You’re at the supermarket strolling the seafood aisle looking for the perfect cut of fish to take home. You see a bright orange cut of salmon that’s already wrapped and ready to go so you throw it in your cart. It’s sure going to make for a delicious meal! But what you don’t know is that there’s a 46% chance that isn’t salmon, we’ll explain.
Oceana Canada has been studying seafood fraud as it not only affects consumers but also business owners and honest fishermen themselves. While the Canadian Government committed to tackling seafood fraud in 2019, two years later it’s still a huge issue in several major Canadian cities. Between 2017-2019, Oceana Canada tested 472 samples through DNA testing and found that 47% were mislabelled. Yikes!
Most recently, Oceana tested 94 samples from sources in Toronto, Montreal, Ottawa, and Halifax and found that 46% were mislabelled. Not only is it disturbing to think that what you’re buying might not actually be what it says it is but it also gets in the way of consumers who are trying to be sustainable. That wild-caught fish could actually be farmed, it could be fished illegally or worst of all just not the fish you thought you were buying. You get the issue here.
Now you’re probably wondering which market seafood fraud is largest in and that answer is restaurants. It’s not necessarily the fault of businesses but rather distributors who could be selling lower quality pieces of fish or lying about where it was caught. But it’s even worse than the average rate, mislabelling in restaurants is as high as 65%.

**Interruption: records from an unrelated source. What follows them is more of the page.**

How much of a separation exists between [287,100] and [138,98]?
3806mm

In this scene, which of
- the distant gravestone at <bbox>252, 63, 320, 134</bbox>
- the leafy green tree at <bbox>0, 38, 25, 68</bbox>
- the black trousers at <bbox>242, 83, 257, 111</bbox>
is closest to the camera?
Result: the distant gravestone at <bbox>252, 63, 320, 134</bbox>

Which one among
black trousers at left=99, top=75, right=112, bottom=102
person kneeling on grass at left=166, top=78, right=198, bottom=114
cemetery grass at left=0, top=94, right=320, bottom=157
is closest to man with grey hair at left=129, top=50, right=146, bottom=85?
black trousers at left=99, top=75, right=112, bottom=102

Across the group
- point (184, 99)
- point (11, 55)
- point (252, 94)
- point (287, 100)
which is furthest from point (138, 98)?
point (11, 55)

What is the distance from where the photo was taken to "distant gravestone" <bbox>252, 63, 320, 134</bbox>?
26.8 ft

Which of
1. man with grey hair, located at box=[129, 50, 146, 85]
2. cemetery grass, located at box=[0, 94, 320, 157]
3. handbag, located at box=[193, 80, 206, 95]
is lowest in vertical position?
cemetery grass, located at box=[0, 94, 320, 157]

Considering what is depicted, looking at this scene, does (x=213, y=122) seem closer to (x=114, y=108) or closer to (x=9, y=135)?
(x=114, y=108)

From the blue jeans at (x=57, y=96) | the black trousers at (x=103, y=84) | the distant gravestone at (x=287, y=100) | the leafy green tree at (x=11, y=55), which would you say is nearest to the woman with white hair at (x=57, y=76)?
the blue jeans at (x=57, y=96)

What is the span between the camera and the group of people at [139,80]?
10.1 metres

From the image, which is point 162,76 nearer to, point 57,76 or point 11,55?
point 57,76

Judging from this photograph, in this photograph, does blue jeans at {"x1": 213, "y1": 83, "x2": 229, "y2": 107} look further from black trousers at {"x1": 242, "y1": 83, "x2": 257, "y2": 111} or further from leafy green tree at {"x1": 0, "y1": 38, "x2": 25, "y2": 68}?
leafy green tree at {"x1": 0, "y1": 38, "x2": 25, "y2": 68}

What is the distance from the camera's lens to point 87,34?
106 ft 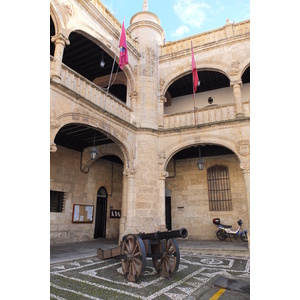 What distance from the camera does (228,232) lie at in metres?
9.82

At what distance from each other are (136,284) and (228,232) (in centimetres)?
685

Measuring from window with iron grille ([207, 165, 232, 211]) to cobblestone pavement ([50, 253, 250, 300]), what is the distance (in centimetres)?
503

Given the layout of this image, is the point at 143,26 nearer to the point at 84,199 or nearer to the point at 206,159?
the point at 206,159

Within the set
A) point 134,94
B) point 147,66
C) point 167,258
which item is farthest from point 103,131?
point 167,258

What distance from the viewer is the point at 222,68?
9.80 m

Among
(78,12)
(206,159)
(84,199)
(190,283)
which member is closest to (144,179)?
(84,199)

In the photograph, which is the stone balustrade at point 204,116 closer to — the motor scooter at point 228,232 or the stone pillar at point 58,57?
the motor scooter at point 228,232

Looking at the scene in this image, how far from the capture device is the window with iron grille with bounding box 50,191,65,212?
910 centimetres

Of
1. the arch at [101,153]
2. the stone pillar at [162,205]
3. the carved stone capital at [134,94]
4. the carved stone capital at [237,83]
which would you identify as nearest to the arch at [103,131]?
the arch at [101,153]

So what’s your best bet for buying seafood? Actually, the good old grocery store which only has a 6.5% mislabelling rate. But to make matters more confusing, Canadian retailers are only required to label the common species name and where the fish’s last major “transformation” took place. Pretty weird right?
At the end of the day as a consumer, you can fight for stricter labeling requirements. And as a diner, your best bet is to ask either your server or the chef what they know about the fish that you’re going to eat. With that, this study is yet another good reminder to stay informed, and if you’d like to see Oceana Canada’s full study you can click here.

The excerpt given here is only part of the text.